Simulation Results: DM-Control

The goal here is simple: High Return (Y-axis) and Low Torque (X-axis).

Figure 2: Results on DM-Control Suite showing Return vs Torque.

Look at the scatter plots in Figure 2.

  • The triangles (\(\lambda=0\)) have high returns but huge energy usage (far right).
  • The hexagons (high \(\lambda\)) are far to the left (low energy) but often drop in return (lower down).
  • PEGrad (The Star): Consistently lands in the top-left corner. This is the Pareto optimal zone. It achieves returns comparable to the unconstrained baseline but with significantly less torque.

For the Dog-Run task (bottom left of Figure 2), notice how the fixed \(\lambda\) baselines struggle. They are either efficient-but-fail or successful-but-expensive. PEGrad finds a policy that is both successful and efficient.

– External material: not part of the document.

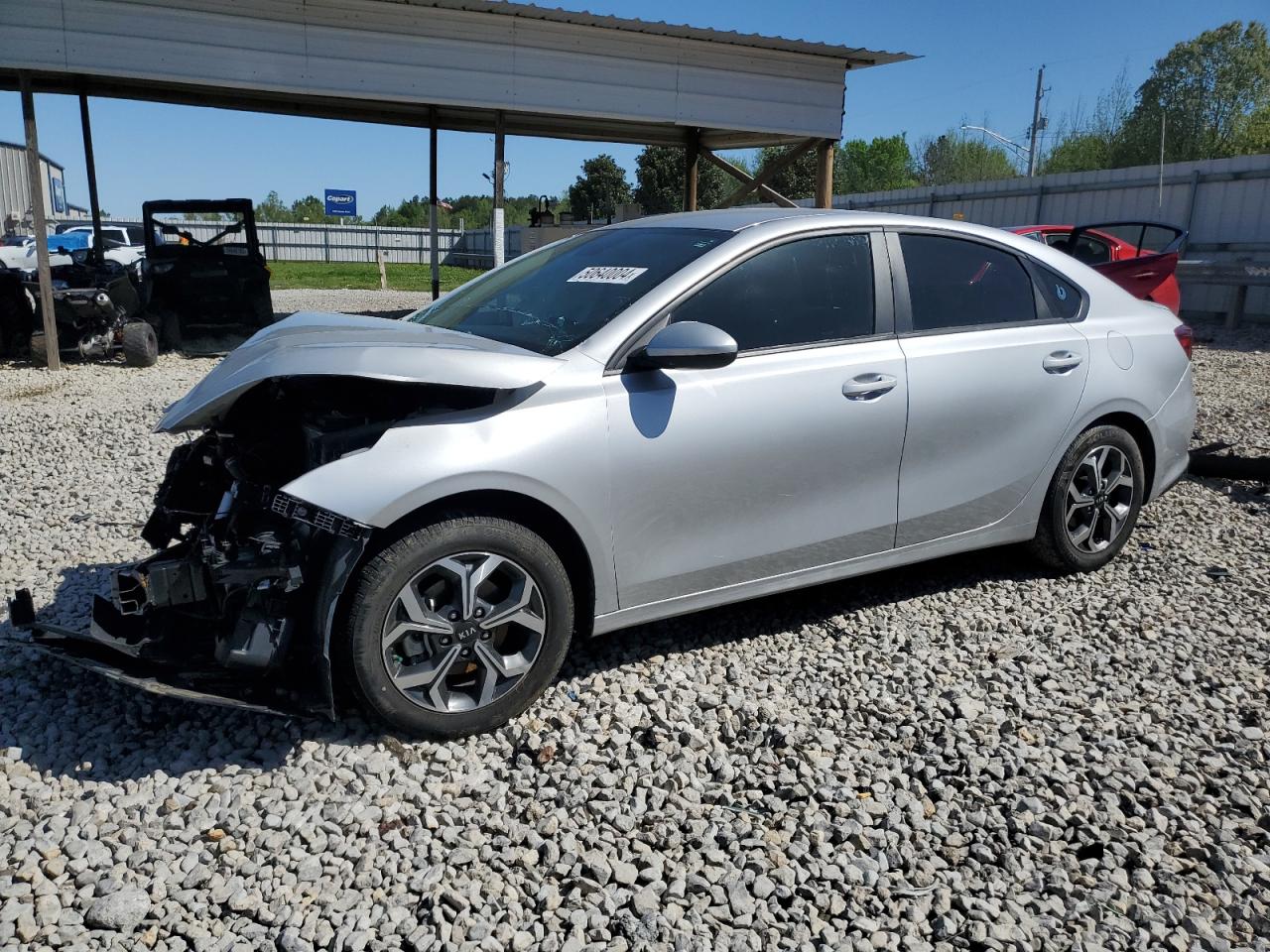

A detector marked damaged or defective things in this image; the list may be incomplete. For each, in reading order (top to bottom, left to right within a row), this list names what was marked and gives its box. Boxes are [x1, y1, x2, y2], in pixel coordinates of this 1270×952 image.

crumpled hood [155, 313, 561, 431]
damaged silver car [10, 210, 1194, 736]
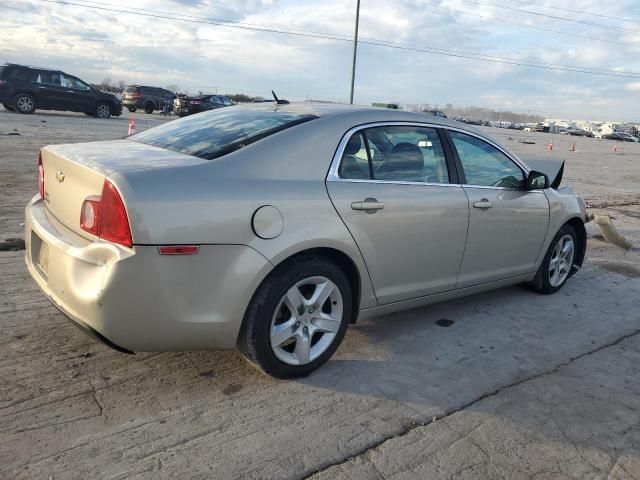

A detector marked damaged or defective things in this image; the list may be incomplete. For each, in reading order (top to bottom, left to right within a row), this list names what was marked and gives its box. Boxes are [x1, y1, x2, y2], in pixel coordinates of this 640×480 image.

Simulation Results: HumanoidBench

Humanoid robots are notoriously harder to control than quadrupeds.

Figure 3: Results on HumanoidBench tasks.

In Figure 3, we see similar success.

  • Sample Efficiency: Look at the “Avg. Return” line graphs (top right of the panels). PEGrad (orange/red line) often learns faster than the baseline.
  • Why? In high-dimensional control (like a humanoid), “flailing” your limbs is a bad exploration strategy. By constraining the policy to be energy-efficient, PEGrad implicitly guides the robot toward smoother, more natural movements, which helps it learn to walk and run sooner.
  • PCGrad Failure: The purple dots/lines representing PCGrad often fail completely (near zero return). The authors speculate this is because PCGrad lacks the priority ordering—it treats energy and task as equals, leading to cancellations that stop the robot from learning the task.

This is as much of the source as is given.